- Task objective
Search the entries for the word "układu" and copy each line that has it.

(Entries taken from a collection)
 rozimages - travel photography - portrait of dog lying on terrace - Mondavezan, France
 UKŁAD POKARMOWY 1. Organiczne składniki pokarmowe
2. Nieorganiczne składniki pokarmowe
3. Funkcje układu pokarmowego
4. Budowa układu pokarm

- Result of the exercise
3. Funkcje układu pokarmowego
4. Budowa układu pokarm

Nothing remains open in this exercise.